======== Supplied records ========

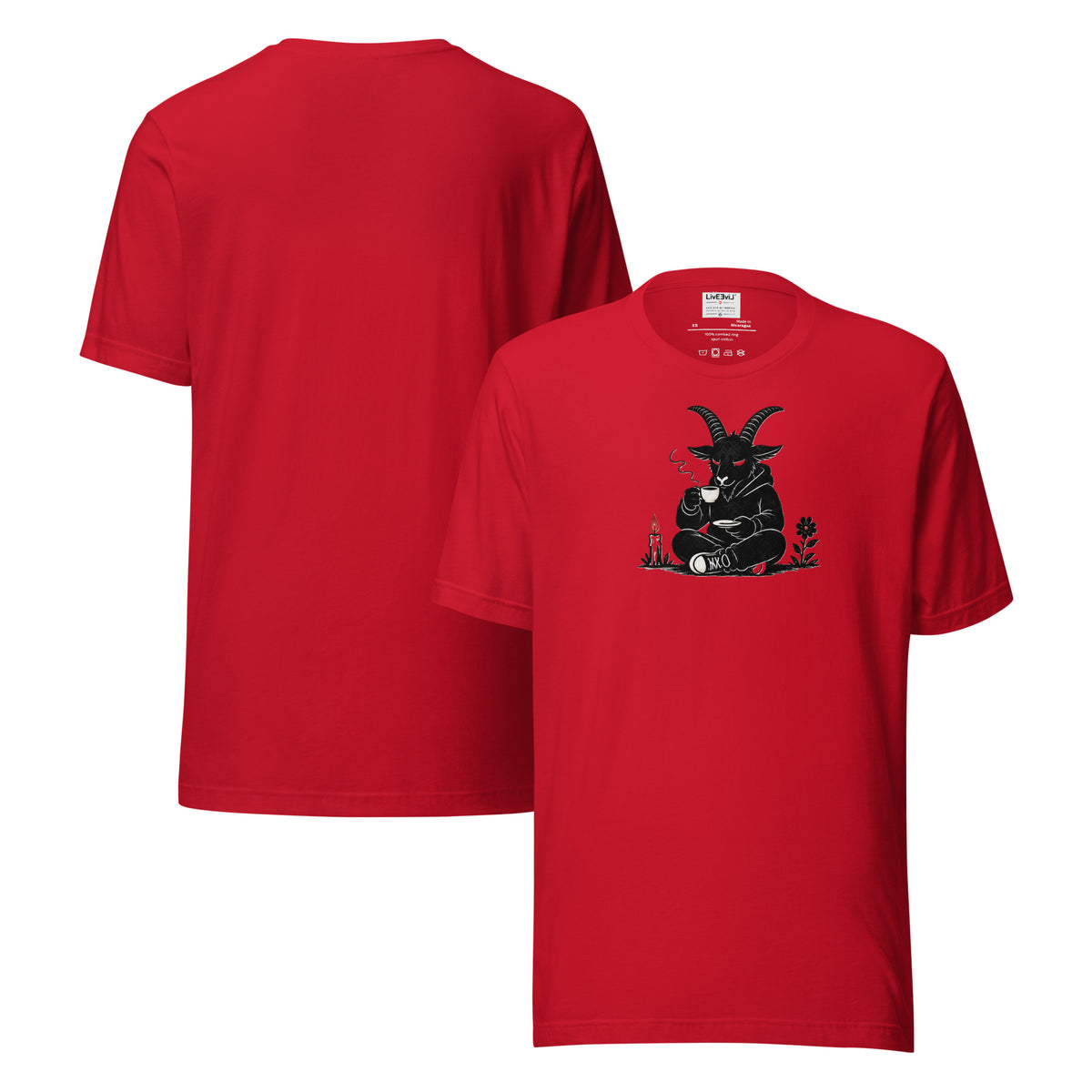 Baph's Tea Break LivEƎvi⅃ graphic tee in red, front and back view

========
======== Supplied records ========

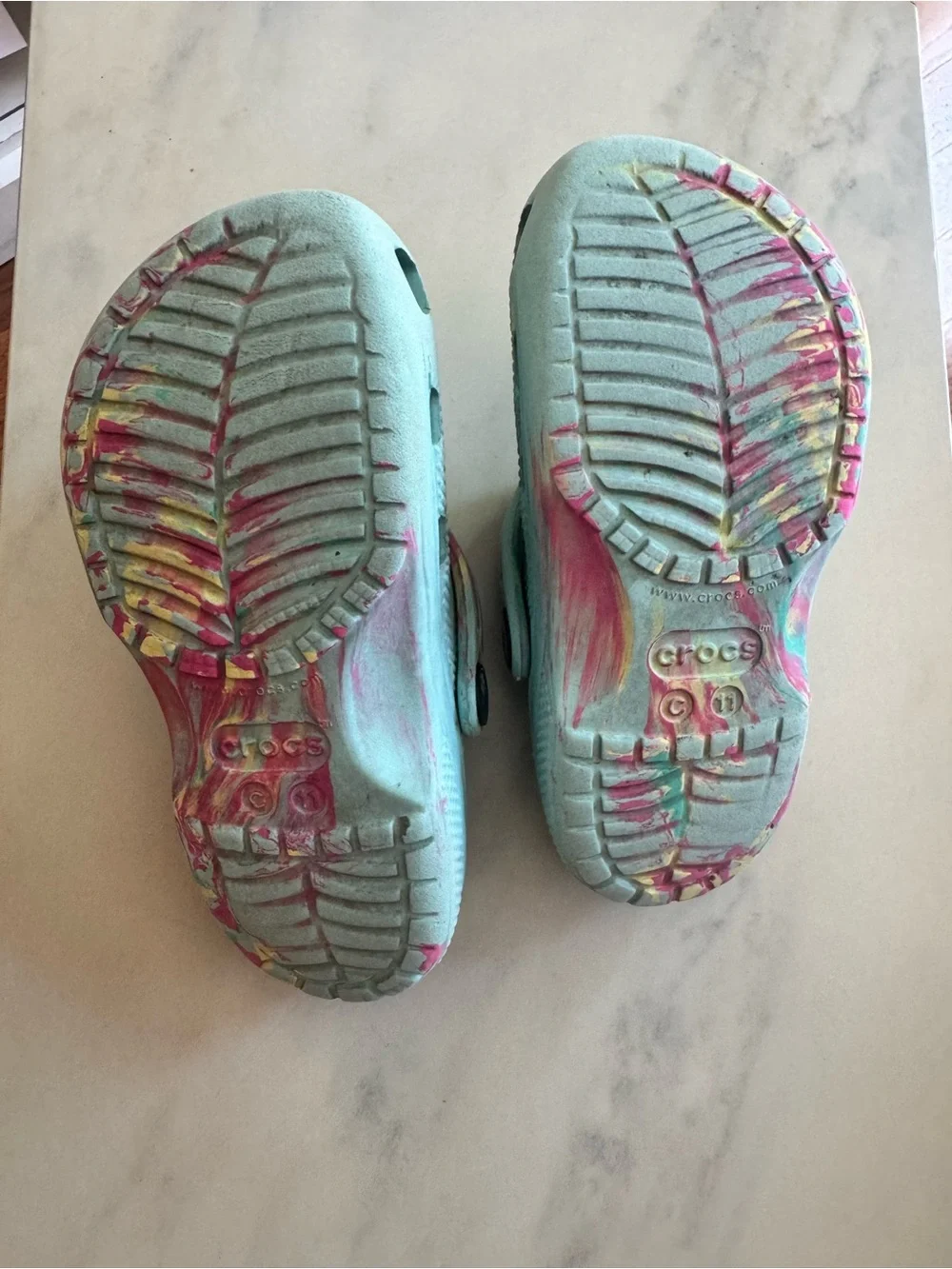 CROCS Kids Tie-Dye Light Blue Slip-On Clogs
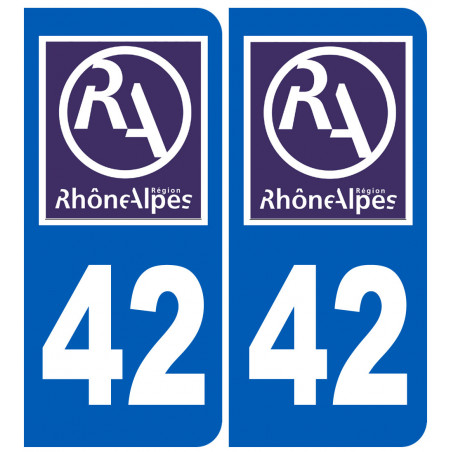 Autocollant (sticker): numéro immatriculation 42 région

========

Above, find the line holding "CROCS Kids Tie-Dye Light Blue Slip-On Clogs" and the line holding "Autocollant (sticker): numéro". Print exactly those two lines and every line between them, but no pictures.

 CROCS Kids Tie-Dye Light Blue Slip-On Clogs
 Autocollant (sticker): numéro immatriculation 42 région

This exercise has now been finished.